Cette réalisation de David Mamet (« Engrenages », 1987 ; « La Prisonnière espagnole », 1997) propose, dans le genre film d’action, une intrigue séduisante, des dialogues savoureux et des acteurs très convaincants.
Un scénario ingénieux nous conduit de surprises – nombreuses – en retournements – multiples – de situation. Le mot-titre est au pluriel car c‘est à deux braquages que l’on assiste. Mais le scénario de Mamet est innovant. En effet, si le premier se déroule en ouverture du film selon un enchaînement rapide des faits entièrement (et remarquablement) basé sur l’apparition successive des différents protagonistes à l’écran, et si nous assistons ensuite aux conséquences inattendues de ce casse qui préludent, directement, au second braquage, il faudra attendre la seconde partie du film pour qu’il se déroule selon un scénario de nouveau inattendu. Entre les deux braquages, l’intérêt ne retombe jamais grâce à une série d’anecdotes et à des rapports entre personnages insolites. Les rouages de l’intrigue sont donc parfaitement huilés pour mieux jouer avec le spectateur. On signalera toutefois, comme il est d’usage dans ce genre de réalisation, deux ou trois invraisemblances…
L’autre point fort du film est assurément le souci apporté à des dialogues toujours brillants faits de réparties vives et savoureuses (par exemple - je cite de mémoire : « Mon copain est si décontracté que ce sont les moutons qui comptent pour l’endormir »).
Les acteurs, enfin, (Gene Hackman, Danny De Vito, Deroy Linto) sont parfaits dans leurs rôles respectifs : humains, solidaires et attachants pour les uns ; cyniques et violents pour les autres.
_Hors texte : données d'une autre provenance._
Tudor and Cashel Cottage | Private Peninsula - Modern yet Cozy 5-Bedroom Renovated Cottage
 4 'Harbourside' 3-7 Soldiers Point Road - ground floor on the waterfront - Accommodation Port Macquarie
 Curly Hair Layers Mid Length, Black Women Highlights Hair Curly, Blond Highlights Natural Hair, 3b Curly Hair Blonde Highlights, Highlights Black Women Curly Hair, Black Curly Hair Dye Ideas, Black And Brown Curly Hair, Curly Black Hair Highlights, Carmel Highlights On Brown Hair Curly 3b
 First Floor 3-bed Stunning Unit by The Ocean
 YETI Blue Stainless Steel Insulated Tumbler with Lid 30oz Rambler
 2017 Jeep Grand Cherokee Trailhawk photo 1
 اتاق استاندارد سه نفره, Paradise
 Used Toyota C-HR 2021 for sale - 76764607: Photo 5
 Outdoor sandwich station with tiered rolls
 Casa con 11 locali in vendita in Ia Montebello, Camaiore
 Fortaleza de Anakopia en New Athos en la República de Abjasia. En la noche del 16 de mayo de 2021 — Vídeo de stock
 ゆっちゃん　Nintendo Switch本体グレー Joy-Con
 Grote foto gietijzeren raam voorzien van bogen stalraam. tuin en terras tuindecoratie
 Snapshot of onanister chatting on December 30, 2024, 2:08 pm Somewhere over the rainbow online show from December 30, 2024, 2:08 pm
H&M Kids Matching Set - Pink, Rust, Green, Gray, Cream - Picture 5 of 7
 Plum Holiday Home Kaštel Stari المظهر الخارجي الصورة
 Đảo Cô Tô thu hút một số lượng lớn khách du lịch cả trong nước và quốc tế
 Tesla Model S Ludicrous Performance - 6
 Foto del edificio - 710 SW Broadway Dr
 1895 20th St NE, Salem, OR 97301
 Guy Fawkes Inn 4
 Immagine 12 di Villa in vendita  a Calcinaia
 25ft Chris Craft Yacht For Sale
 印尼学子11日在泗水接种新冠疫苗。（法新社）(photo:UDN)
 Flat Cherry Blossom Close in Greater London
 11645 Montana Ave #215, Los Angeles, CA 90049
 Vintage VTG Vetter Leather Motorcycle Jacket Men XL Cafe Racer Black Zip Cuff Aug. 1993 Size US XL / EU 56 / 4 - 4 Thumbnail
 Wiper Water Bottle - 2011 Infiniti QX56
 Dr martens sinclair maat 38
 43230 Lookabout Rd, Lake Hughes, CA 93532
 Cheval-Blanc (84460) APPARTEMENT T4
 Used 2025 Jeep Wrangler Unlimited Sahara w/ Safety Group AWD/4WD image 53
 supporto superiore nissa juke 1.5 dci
On fera, toutefois, une réserve pour Rebecca Pidgeon (Fran), excellente pendant les deux tiers du film, mais moins convaincante sur la fin (son rôle difficile en est sans doute la raison).
Le film dépeint un univers réglé par les tromperies, les escroqueries et l’appât du gain, et placé sous le signe d’un cynisme ouvertement affiché, mais dénoncé : en effet, le personnage le plus sympathique en est aussi la première victime et son exécution n’est connu qu’indirectement par le spectateur, en une scène très pudique ; d’autre part, l’innocence symbolisée dans le film par la présence d’une petite fille (la scène est merveilleuse de tendresse !) n’est qu’une parenthèse vite refermée, même si elle sert à faire réfléchir sur le cruel contraste entre l’univers plein de promesses de l’enfance, et le monde adulte méfiant, corrompu et nihiliste : cette fillette deviendra-t-elle semblable à Fran, la jeune femme du film ? Ou encore, Fran a-t-elle été un jour cette enfant-là ?
En définitive, ce film d’action est une comédie qui mélange les tons – d’une ironie caustique à une discrète émotion – et constitue un divertissement agréable.